Mais où il y a une présence, il peut y avoir une absence. Donc si je suis une présence, je peux aussi bien être une absence. Mais alors, évidemment, une absence implique une présence. Une absence est aussi une présence, dans la réalité, une présence une absence, et je suis Non-moi, et Non-moi est moi. Non-existence implique existence, de façon que je ne peux pas ne pas exister sans exister. Non, on ne peut pas disposer de moi, parce que, en le faisant, mon existence se trouve en même temps posée. Je suis un concept, et tous les concepts sont dualistes, de façon que mon inexistence ne peut pas être pensée.

Mais tirer la conclusion de cette analyse dualiste, que nécessairement je suis en réalité, serait injustifiable. Dualistiquement, inévitablement je suis, mais, il me semble, non-dualistiquement, et encore inévitablement, qu’il n’est pas possible que je sois. Le fait même que dualistiquement il est inévitable que je suis est la preuve que non-dualistiquement je ne peux pas être.
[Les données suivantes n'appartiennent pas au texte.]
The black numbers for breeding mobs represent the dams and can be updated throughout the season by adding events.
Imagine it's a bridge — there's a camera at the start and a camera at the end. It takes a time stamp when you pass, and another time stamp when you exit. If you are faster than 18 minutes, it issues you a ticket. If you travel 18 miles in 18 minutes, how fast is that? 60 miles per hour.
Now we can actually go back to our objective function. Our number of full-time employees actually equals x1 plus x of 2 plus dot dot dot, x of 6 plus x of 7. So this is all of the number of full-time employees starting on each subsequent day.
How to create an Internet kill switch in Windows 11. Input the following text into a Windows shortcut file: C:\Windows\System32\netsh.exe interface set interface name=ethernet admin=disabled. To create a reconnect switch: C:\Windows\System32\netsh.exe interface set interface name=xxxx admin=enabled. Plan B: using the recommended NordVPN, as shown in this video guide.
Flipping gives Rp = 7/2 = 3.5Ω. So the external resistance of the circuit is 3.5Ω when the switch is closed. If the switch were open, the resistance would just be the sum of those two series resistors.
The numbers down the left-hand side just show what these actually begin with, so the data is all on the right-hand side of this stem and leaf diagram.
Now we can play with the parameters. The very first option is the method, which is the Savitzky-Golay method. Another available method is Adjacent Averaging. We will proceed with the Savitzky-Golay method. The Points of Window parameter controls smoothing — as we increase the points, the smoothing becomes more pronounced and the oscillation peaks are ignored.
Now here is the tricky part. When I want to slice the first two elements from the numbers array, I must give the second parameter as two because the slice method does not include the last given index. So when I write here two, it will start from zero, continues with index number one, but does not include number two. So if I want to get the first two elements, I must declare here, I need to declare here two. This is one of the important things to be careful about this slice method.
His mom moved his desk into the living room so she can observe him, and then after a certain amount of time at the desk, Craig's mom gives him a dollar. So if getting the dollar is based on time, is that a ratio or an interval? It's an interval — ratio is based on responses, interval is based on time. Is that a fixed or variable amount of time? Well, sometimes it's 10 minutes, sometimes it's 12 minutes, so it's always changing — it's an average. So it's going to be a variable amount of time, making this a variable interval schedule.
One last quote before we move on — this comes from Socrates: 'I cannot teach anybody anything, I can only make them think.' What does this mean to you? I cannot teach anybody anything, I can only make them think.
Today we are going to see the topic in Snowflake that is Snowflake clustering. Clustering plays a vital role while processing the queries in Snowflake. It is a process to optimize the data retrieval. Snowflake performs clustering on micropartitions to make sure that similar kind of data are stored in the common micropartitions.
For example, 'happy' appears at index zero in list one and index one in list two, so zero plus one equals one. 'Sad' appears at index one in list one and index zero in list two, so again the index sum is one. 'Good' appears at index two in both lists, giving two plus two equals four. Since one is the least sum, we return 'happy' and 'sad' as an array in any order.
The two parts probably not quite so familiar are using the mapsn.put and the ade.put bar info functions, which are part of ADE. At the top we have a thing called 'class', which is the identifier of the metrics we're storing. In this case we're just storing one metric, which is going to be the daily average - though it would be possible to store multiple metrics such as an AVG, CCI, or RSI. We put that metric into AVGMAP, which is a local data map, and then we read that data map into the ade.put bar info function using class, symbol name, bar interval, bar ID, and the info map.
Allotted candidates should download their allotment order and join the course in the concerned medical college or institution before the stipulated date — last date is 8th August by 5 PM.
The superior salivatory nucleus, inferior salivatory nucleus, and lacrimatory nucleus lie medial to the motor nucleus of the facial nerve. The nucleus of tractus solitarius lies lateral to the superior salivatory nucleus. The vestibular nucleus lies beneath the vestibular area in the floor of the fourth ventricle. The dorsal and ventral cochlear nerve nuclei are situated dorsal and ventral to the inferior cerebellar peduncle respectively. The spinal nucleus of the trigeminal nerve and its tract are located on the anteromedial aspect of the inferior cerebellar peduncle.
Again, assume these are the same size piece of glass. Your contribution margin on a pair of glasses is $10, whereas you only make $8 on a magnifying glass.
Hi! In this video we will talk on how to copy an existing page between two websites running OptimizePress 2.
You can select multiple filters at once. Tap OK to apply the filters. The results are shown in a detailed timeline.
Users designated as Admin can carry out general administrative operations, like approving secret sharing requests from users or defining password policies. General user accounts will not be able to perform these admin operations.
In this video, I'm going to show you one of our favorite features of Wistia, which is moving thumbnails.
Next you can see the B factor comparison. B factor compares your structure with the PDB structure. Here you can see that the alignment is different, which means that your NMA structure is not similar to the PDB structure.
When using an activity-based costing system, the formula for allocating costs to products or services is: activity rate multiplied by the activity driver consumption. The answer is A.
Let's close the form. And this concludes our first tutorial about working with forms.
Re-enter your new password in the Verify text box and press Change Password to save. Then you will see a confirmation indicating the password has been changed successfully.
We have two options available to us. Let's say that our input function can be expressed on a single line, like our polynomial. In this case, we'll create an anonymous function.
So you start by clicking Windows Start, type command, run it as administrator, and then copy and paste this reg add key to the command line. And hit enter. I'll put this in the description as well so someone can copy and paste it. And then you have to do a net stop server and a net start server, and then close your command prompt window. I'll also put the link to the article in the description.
Ne sommes-nous pas arrivés à établir quelque chose qui ne peut être établi par aucun autre moyen ? Pour nous la manifestation est une manifestation de la non-manifestation, et la non-manifestation est une non-manifestation de la manifestation : il ne peut pas ne pas y avoir de manifestation dans la dualité, et pour cette raison dans la réalité il ne peut pas y avoir de manifestation. C’est pour cela que Hui Neng a pu dire :

« Depuis le commencement rien n’est », ni chose, ni entité, ni monde, ni moi. Le monde est mon concept, fait de perceptions sensorielles : aucun concept ne peut être réel. Je suis un concept, basé sur des perceptions sensorielles. Je ne peux pas être réel.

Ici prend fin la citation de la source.